In [2]:
from sklearn.model_selection import train_test_split
from tqdm import tqdm
import pandas as pd
import numpy as np
import json
import os
import sklearn
import sklearn.neighbors
import warnings
warnings.filterwarnings('ignore')

# constants
RAW_DATA_PATH = 'raw_data'
DATAFRAME_PATH = 'dataframes'

### Create the playlists dataframe from raw JSON data

In [3]:
def make_playlist_dfs(path):
    playlists = []
    playlist_tracks = []
    for file in tqdm(os.listdir(path)):
        if not file.endswith(".json"):
            continue
        with open(f'{path}/{file}') as f:
            js_slice = json.load(f)
            for playlist in js_slice['playlists']:
                for track in playlist['tracks']:
                    playlist_tracks.append([track['track_uri'], playlist['pid'], track['pos']])
                playlist.pop('tracks')
                playlists.append(playlist)
    playlists_df = pd.DataFrame(playlists)
    playlist_tracks_df = pd.DataFrame(playlist_tracks, columns=['track_uri', 'pid', 'pos'])
    playlist_tracks_df.set_index('pid')
    print('Storing h5 files...')
    playlists_df.to_hdf(DATAFRAME_PATH + '/playlists.h5', 'playlists')
    playlist_tracks_df.to_hdf(DATAFRAME_PATH + '/playlist_tracks.h5', 'playlist_tracks')
    print('Stored files as h5')

make_playlist_dfs(RAW_DATA_PATH);

100%|██████████████████████████████████████████████████████████████████████████████████| 11/11 [00:06<00:00,  1.74it/s]


Storing h5 files...
Stored files as h5


### Read the playlists, tracks and track_info dataframes

In [4]:
playlists_df = pd.read_hdf(DATAFRAME_PATH + '/playlists.h5', 'playlists')
playlist_tracks_df = pd.read_hdf(DATAFRAME_PATH + '/playlist_tracks.h5', 'playlist_tracks')
tracks_df = pd.read_hdf(DATAFRAME_PATH + '/tracks.h5', 'tracks')
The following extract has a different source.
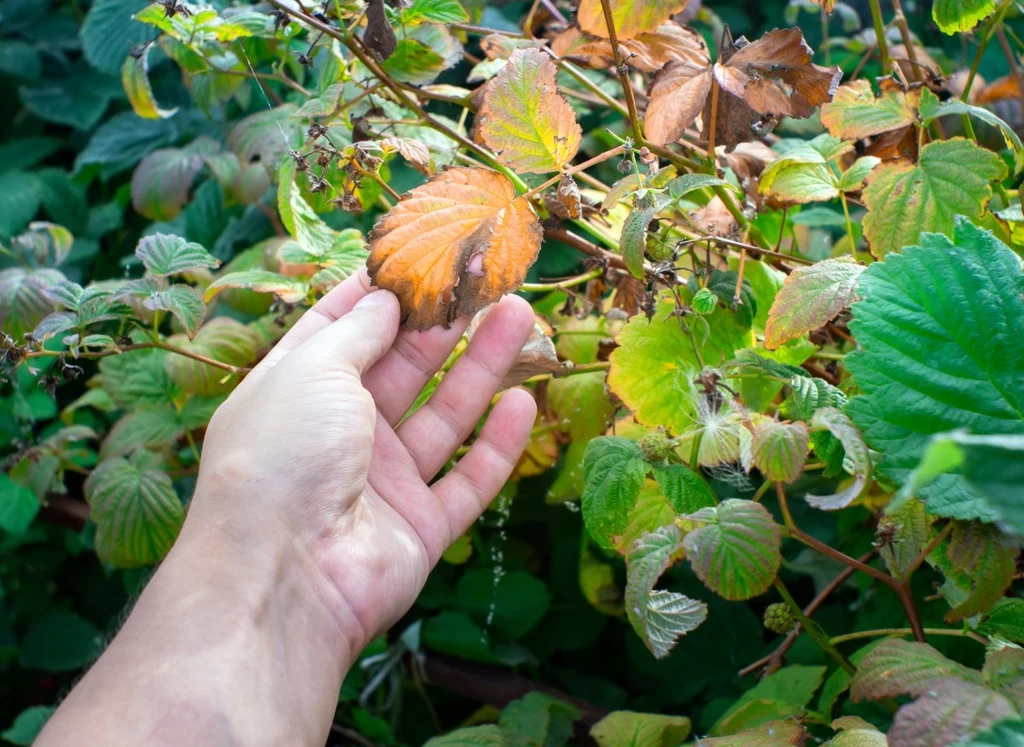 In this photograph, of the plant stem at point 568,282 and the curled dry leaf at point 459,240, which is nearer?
the curled dry leaf at point 459,240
## Building the train and test sets

In [5]:
train_playlists, test_playlists = train_test_split(playlists_df, test_size=0.2)

# Modifying the test set
train_playlist_tracks = playlist_tracks_df[playlist_tracks_df['pid'].isin(train_playlists['pid'].values)].reset_index(drop=True)
test_playlist_tracks = playlist_tracks_df[playlist_tracks_df['pid'].isin(test_playlists['pid'].values)].reset_index(drop=True)
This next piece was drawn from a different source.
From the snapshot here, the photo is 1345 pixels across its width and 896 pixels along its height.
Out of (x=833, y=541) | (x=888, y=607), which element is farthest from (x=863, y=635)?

train_tracks = tracks_df[tracks_df['track_uri'].isin(train_playlist_tracks['track_uri'].values)].drop_duplicates(subset=['track_uri'],ignore_index=True)
test_tracks = tracks_df[tracks_df['track_uri'].isin(test_playlist_tracks['track_uri'].values)].drop_duplicates(subset=['track_uri'],ignore_index=True)

# Keep only tracks that are in the training set in the test set
def filter_playlist_tracks(all_tracks, tracks):
    track_uris = pd.unique(all_tracks['track_uri'])
    return tracks[tracks['track_uri'].isin(track_uris)].reset_index(drop=True)

test_playlist_tracks_ground_truth = filter_playlist_tracks(train_playlist_tracks, test_playlist_tracks)

In [6]:
# some assertions on the ground truth set
assert test_playlist_tracks_ground_truth[test_playlist_tracks_ground_truth['track_uri'].isin(train_tracks['track_uri']) == False].empty

In [7]:
# This cell can take long to run ~10mins
# if .h5 files are available, use those
def frac_to_sample(playlist_tracks):
    if playlist_tracks.size >= 2:
        return 0.5
    else:
        return None
        
def build_challenge_set():
    challenge_set_list = []
    new_test_set = []
    for pid in tqdm(test_playlists['pid']):
        playlist_tracks = test_playlist_tracks_ground_truth[test_playlist_tracks_ground_truth['pid'] == pid]
        frac = frac_to_sample(playlist_tracks)
        if frac is not None and frac > 0:
            random_sample_df = playlist_tracks.sample(frac = frac, random_state=1)
            num_sample = random_sample_df.size
            new_test_set.append(test_playlists[test_playlists['pid'] == pid].values.flatten().tolist() + [num_sample, playlist_tracks.size-num_sample])
            for index, track in random_sample_df.iterrows():
                challenge_set_list.append([track['track_uri'], track['pid'], track['pos']])
    _test = pd.DataFrame(new_test_set, columns=list(test_playlists.columns) + ['num_of_seeds', 'num_withheld'])
    _tracks = pd.DataFrame(challenge_set_list, columns=list(test_playlist_tracks_ground_truth.columns))
    return _test, _tracks

In [8]:
test_playlists_with_seed_info, test_playlist_tracks_incomplete = build_challenge_set()
test_tracks_incomplete = test_tracks[test_tracks['track_uri'].isin(test_playlist_tracks_incomplete['track_uri'])].reset_index(drop=True)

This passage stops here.